The competing mental discourses of past, present, and future

My mind has been spinning lately due to a variety of issues, so this post might not be too organized.  This line came to my mind last night, and although it might have been a pithy Facebook status, I refrained from posting it.  Despite the fact that most if not all of my grad student friends could relate, I guess I want to appear more like I "have things together":

"Oh academia, how thou dost confuse, vex, annoy, and rattle me sometimes to the point where I go through the day with nostalgic thoughts of my past career; although the latter was quite stressful at times, I at least felt and knew beyond a shadow of a doubt that I was making some difference in human lives, as opposed to being isolated by my present academic tasks."

True, it was my job prior to going back to graduate school (as I already had a Master's degree in another field) that I felt inspired me to dig deeper and to think that maybe with a Ph.D., I could have more flexibility and would have more leverage to work in applied settings where I could make even more of a difference in the lives of those targeted by human rights abuses.  I also loved teaching, and I wanted to inspire other young minds to do the same.  However, I still vividly remember all those I used to work with, and I often miss it.  Then again, I have come this far in my program, and have undoubtedly been through more major life changes since I started the program than in the few years beforehand.  I guess I have to cut myself some slack in this regard; I know that all grad students go through these thoughts of frustration at some point. However, it is not just the past that sometimes exudes my mental energy when I should be reading journal articles or coding data.  I worry about the future-- not just the far away future, but the more immediate (i.e., next semester).  I worry that my funding is running out, because although it takes everyone in my program an average of 7-8 years to finish (and, I'm not talking about people with children), the university only funds us through five years.  Also, it doesn't matter to them that I officially took on semester off when my son was born, and unofficially took another off when my daughter was born.  Thus, I have been frantically looking for all employment options possible for the summer and fall, whilst also wondering how we might be able to afford to send my daughter to day care more than part time.  Although I am a person of faith, I still have a hard time letting go of these things and just doing my part day to day.  We don't even know what the next moment holds, let alone the next month or year, but sometimes these things can eat up our time to the point where we feel we can't make the right amount of progress in the present.

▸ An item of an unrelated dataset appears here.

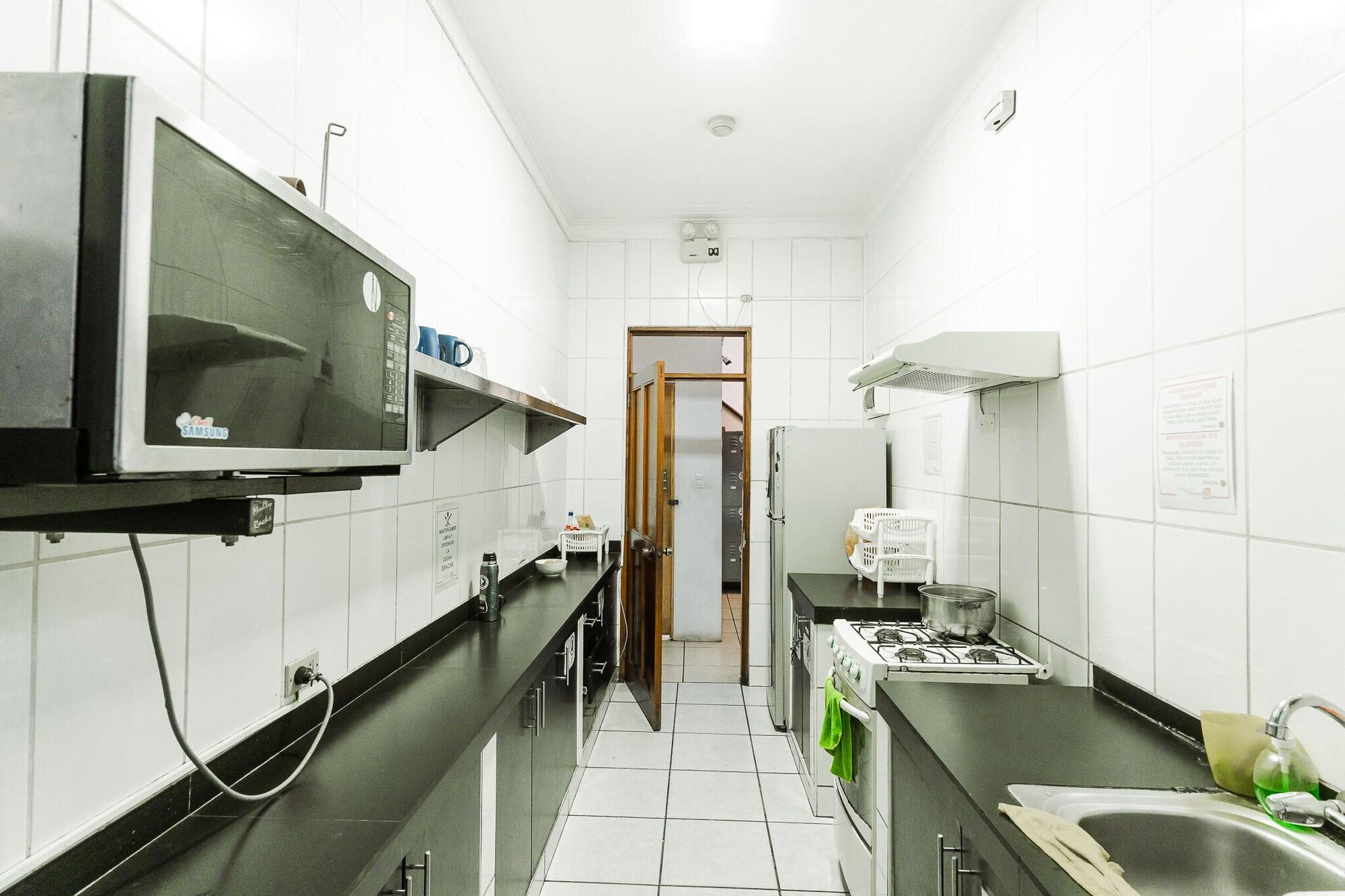Restaurant Dragonfly Hostels Miraflores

I guess for today, I will  just have to stick to my "to do" list, and then repeat again tomorrow.  However, these competing mental discourses of past, present, and future always seem to hang over our heads in the academic world.



Tuesday, January 8, 2013

Working-from-home guilt

Well, today is my first day home alone since the week before Christmas.  Both kids were going to day care on Tuesdays/Thursdays last semester since I was teaching a class on those days.  This semester, I decided not to teach so that I could really make some progress in my program, but it just feels odd to be completely alone at home for a 9 hour period without having to prep/teach class and all that goes along with it.  I know that I desperately need this time to read for my comp exam, do work for my RAship (which has been my primary source of income for almost the past 2 years), and think about/work on my dissertation proposal, but I often have what I deem a multifaceted "working-from-home guilt."  As I just mentioned, there are numerous elements within this sense of guilt; I will name a few below:

1.  Feeling bad (as I did a little this morning) that my husband dropped the kids off at day care, even though he was in a bit of a rush to make a meeting (he had asked me to drop them off, but later said that he should be able to make it).  Seems a bit silly, I know.  This also relates to the larger issue that some of us working moms (whether you work from home, work out of the home, or a combination of both as has been my case) deal with from time to time:   guilt about day care.  This waxes and wanes  for me; I usually kick the guilt feeling when I reflect on the fact that it is getting increasingly difficult for me to make progress on the days that I am home with my 10 month old daughter and my son is in preschool.  I have to keep telling myself that this is a job too, even if it is not a "conventional" job and I really need some time during the day to move forward.  I could go on about that, but I will just end with a *sigh*.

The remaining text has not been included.